Oven-Only Steak (Reverse Sear)
The reverse sear method — low oven first, then sear — produces very even doneness edge-to-edge. Best for thick steaks (1¼ inch+).
- Preheat oven to 250°F (120°C)
- Season steak and place on a rack over a baking sheet
- Cook until internal temp is 10°F below target (about 25–45 min depending on thickness)
- Rest 5 minutes while getting a cast iron pan screaming hot
- Sear 60–90 seconds per side for crust
- Rest 5 minutes and serve
This method gives restaurant-quality even doneness throughout the steak and an excellent crust.
How Long to Rest Steak After Cooking
Resting allows the juices to redistribute through the meat. Without resting, they run out when you cut the steak. Rest time by steak thickness:
| Steak thickness | Rest time |
|---|---|
| Under 1 inch | 3–5 minutes |
| 1–1½ inch | 5–8 minutes |
| Over 1½ inch | 8–10 minutes |
Tent loosely with foil while resting to retain some heat, but don't wrap tightly — that traps steam and softens the crust.
Best Cuts by Cooking Method
| Cut | Best method | Notes |
|---|---|---|
| Ribeye | Pan-sear or grill | High fat content, self-basting |
| NY Strip | Pan-sear or grill | Leaner, benefits from butter baste |
| Filet mignon | Pan-sear + oven | Very lean, easy to overcook |
| T-bone / Porterhouse | Grill or broil | Two textures, tricky to cook evenly |
| Flank / skirt | Hot grill, quick sear | Thin, cooks fast, slice against grain |
| Sirloin | Pan-sear or grill | Good value, moderate tenderness |
Frequently Asked Questions
How long to cook a 1-inch steak for medium-rare?
In a hot pan: 3–4 minutes per side, then rest 5 minutes. On a grill at high heat: about 6–8 minutes total (3–4 per side). Always verify with an instant-read thermometer — remove at 125°F (52°C) and rest to reach 130–135°F (54–57°C).

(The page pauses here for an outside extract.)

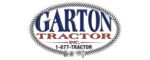 Garton Tractor - Turlock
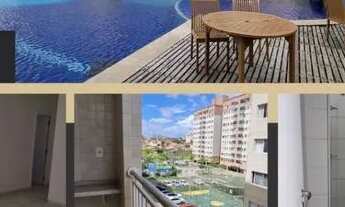 Imagem 6: VARANDAS GRAN PARK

How do I know when steak is done without a thermometer?
The touch test: press the steak with your finger. Rare feels like the fleshy part of your palm below the thumb when relaxed. Medium-rare feels slightly firmer. Medium feels like that area when you gently touch thumb to middle finger. Well-done is firm throughout. This is an approximation — a thermometer is always more reliable.
Should I cook steak covered or uncovered?
Always uncovered for pan-searing and grilling. Covering traps steam, which softens the crust and makes the outside soggy. For oven finishing after searing, uncovered is also correct. Only cover loosely when resting after cooking.
Why is my steak tough even after cooking to the right temperature?
Most commonly: the wrong cut for the method, not enough rest time, or slicing with the grain instead of against it. Tougher cuts like flank and skirt steak must be sliced very thin against the grain to be tender. Filet is naturally tender; sirloin is moderately tender. Chuck or round steak requires braising, not quick-cooking methods.
How long to cook steak in the oven at 400°F?
After searing 2–3 minutes per side on the stovetop, finish a 1-inch steak in a 400°F oven for 4–6 minutes for medium-rare. A 1½-inch steak needs 6–10 minutes. Always use a thermometer to check — oven times vary significantly by steak size and starting temperature.